Short text fragments from websites
--------------------------------------------------

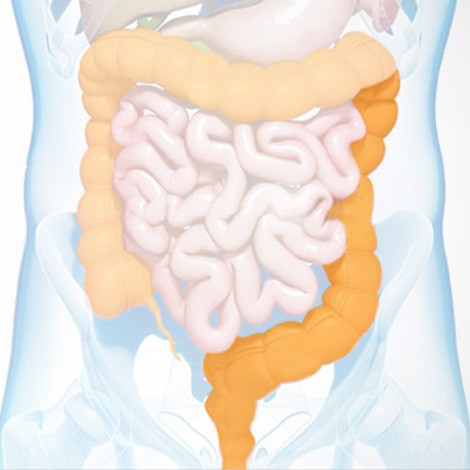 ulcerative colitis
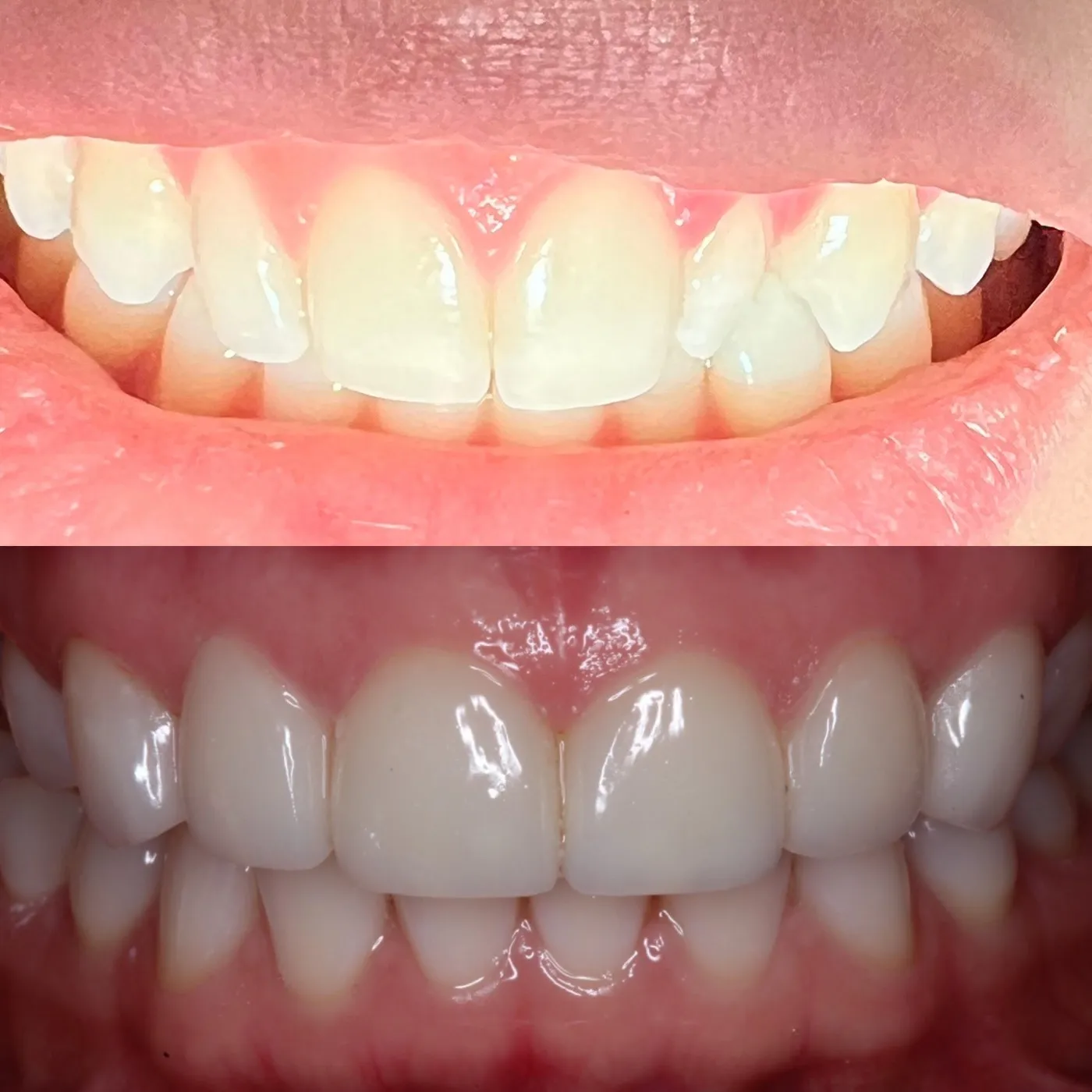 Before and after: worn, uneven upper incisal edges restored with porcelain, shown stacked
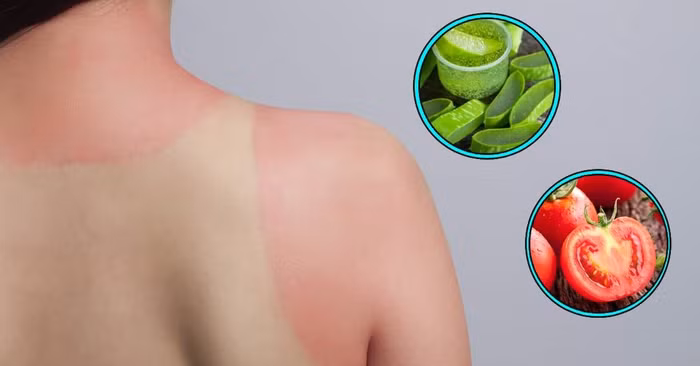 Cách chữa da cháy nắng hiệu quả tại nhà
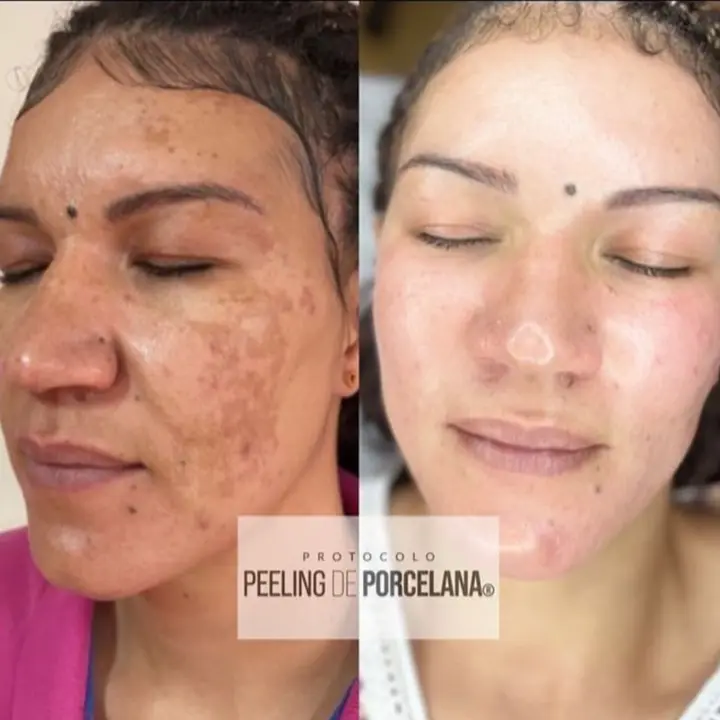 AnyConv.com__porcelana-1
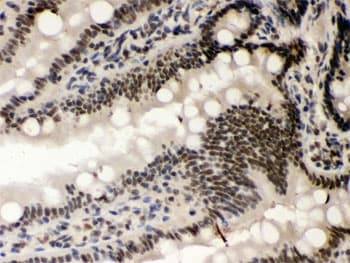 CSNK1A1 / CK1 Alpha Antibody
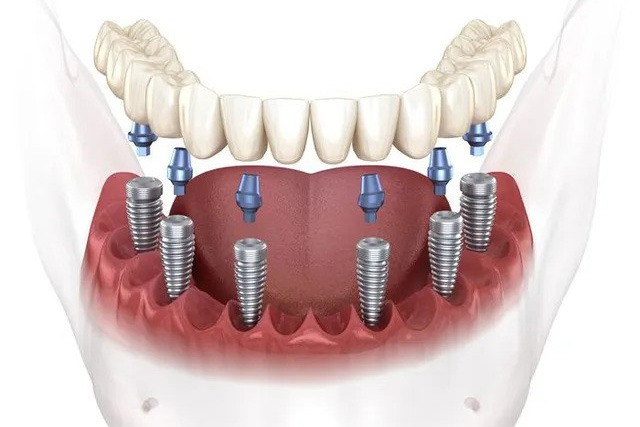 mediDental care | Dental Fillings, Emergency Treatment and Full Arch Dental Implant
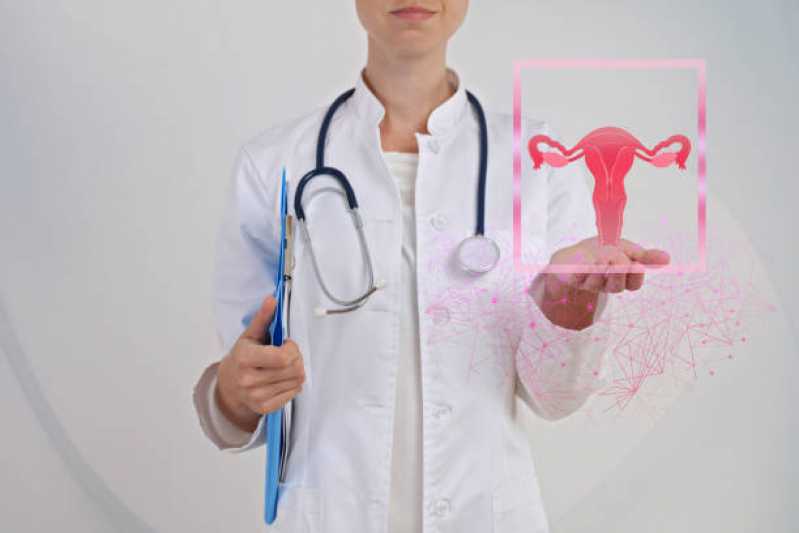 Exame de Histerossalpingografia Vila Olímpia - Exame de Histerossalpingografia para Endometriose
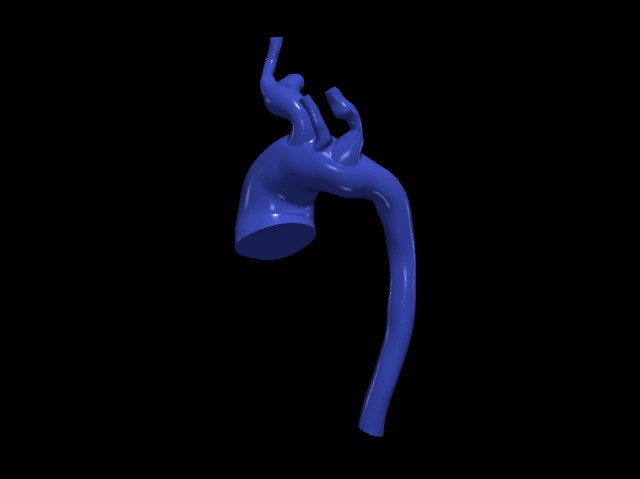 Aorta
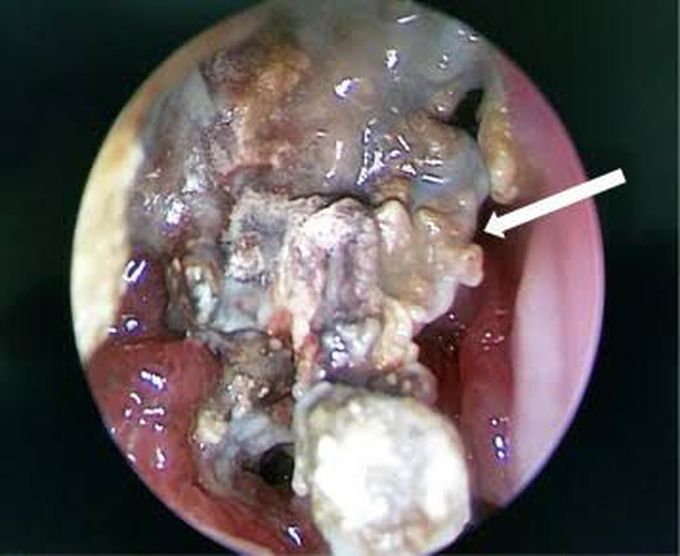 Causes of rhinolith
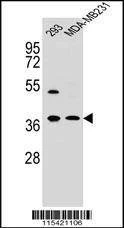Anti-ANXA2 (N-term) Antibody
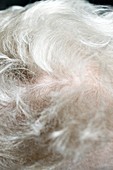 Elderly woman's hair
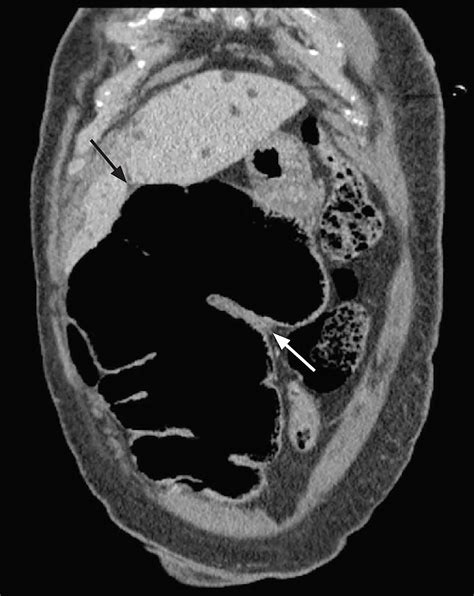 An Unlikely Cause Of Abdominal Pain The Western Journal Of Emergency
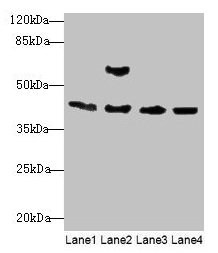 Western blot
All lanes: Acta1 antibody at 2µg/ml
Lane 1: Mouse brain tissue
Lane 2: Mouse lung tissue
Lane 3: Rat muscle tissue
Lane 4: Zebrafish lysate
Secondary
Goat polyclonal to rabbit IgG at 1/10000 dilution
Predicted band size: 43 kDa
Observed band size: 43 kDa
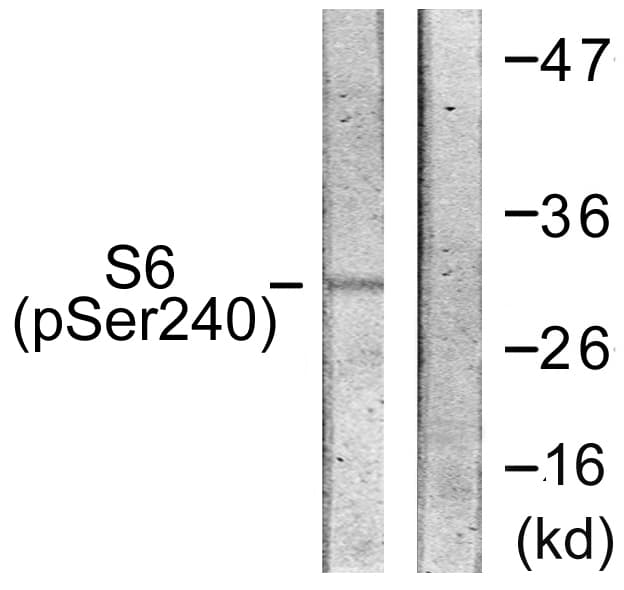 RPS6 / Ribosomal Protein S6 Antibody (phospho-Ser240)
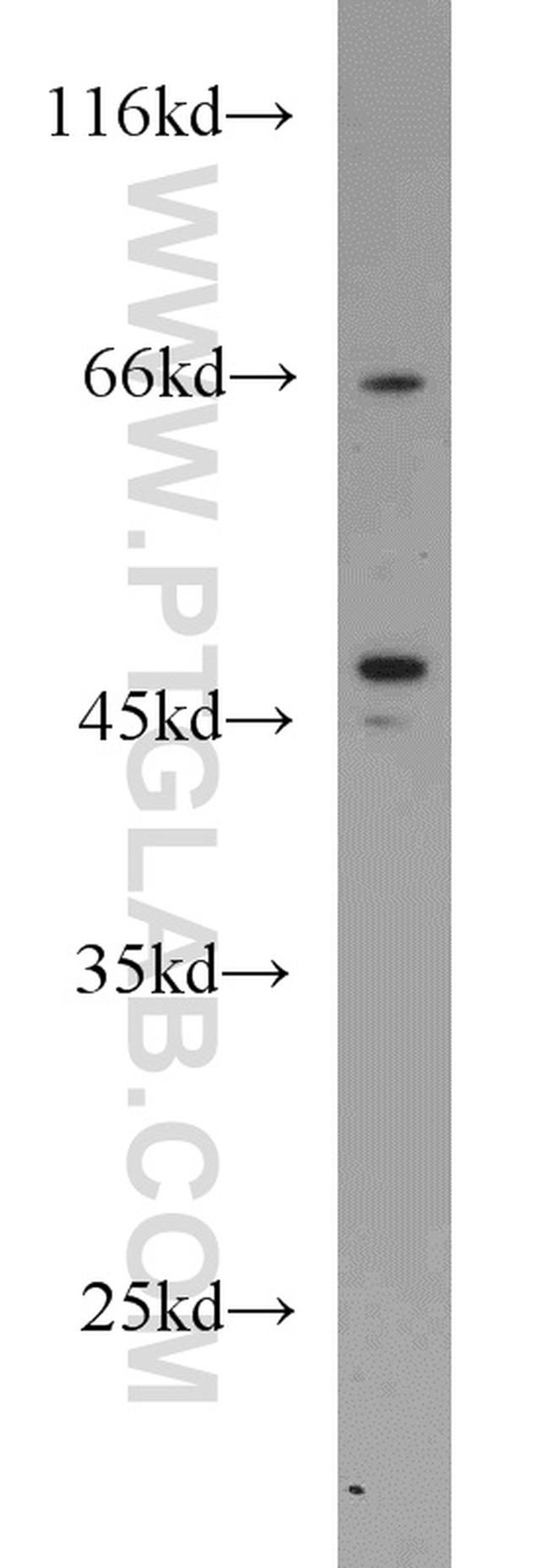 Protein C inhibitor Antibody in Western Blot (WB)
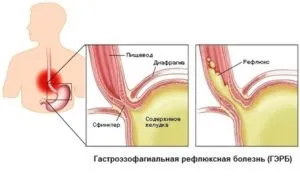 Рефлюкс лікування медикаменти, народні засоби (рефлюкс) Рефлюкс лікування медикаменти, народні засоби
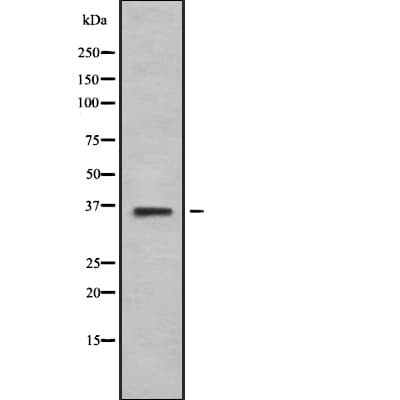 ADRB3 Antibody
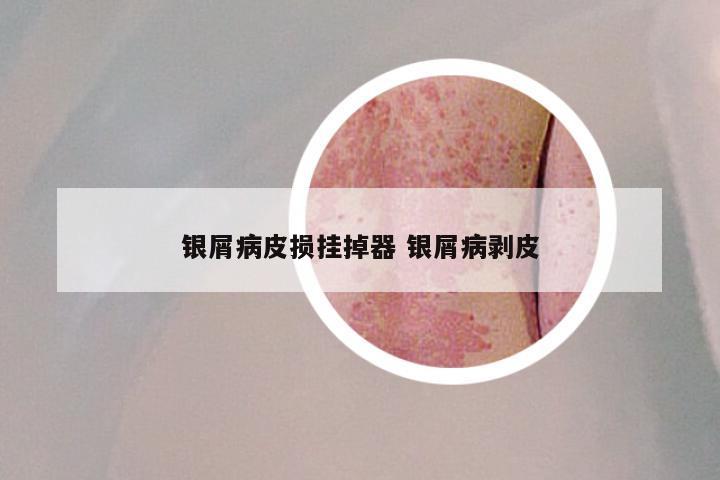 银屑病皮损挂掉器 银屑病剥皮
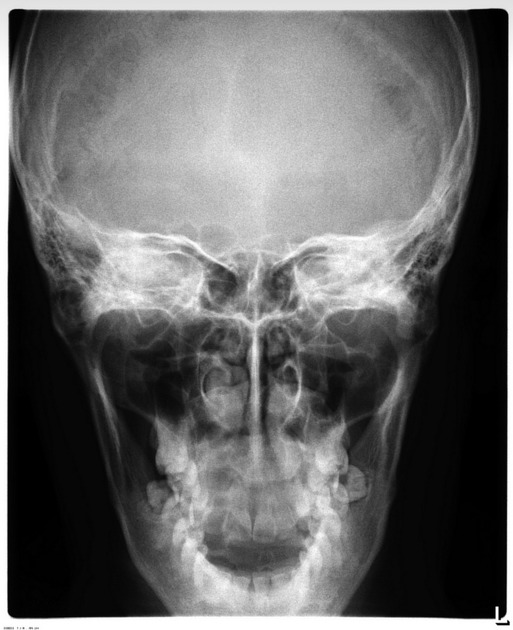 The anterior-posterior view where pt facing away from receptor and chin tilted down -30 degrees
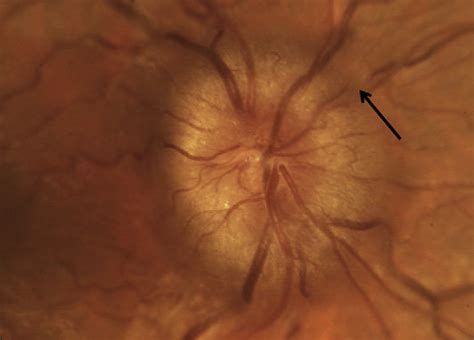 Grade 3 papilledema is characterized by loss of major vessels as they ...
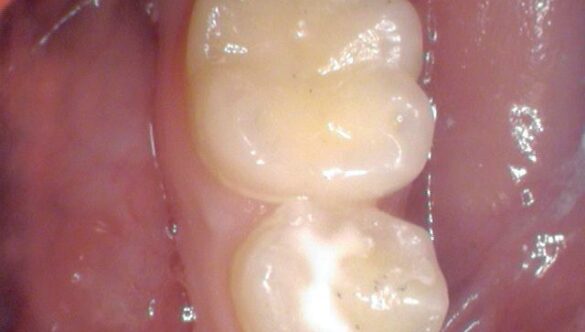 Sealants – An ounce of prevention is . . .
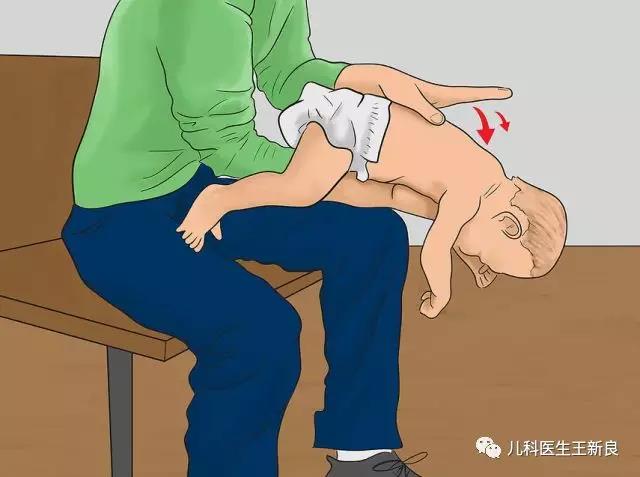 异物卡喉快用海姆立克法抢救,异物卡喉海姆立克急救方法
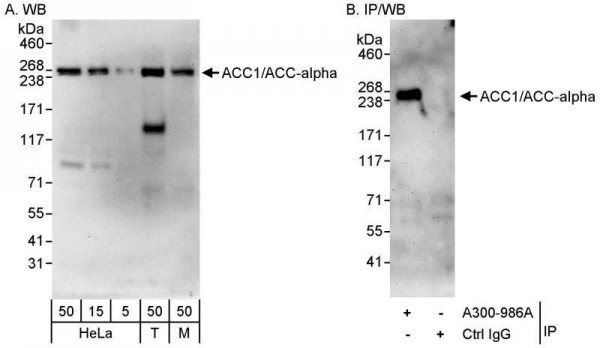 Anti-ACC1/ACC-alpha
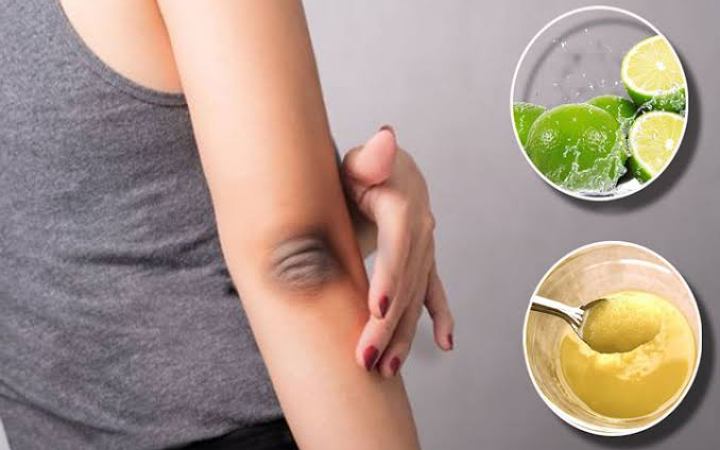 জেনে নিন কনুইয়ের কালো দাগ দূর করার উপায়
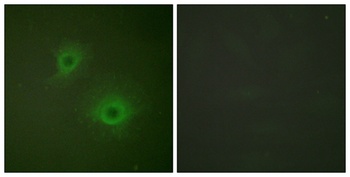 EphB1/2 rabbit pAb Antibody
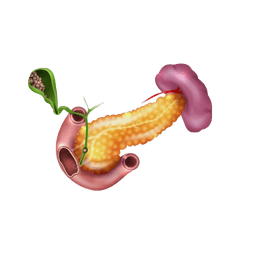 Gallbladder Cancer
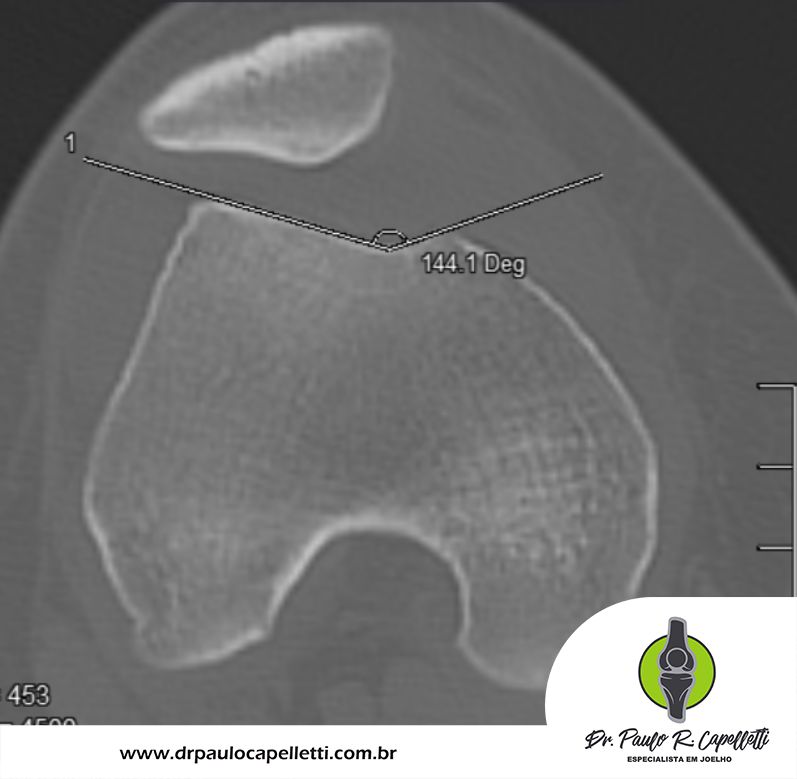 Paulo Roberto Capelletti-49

--------------------------------------------------

Every line in the data that holds the string "size" should be returned.

Predicted band size: 43 kDa
Observed band size: 43 kDa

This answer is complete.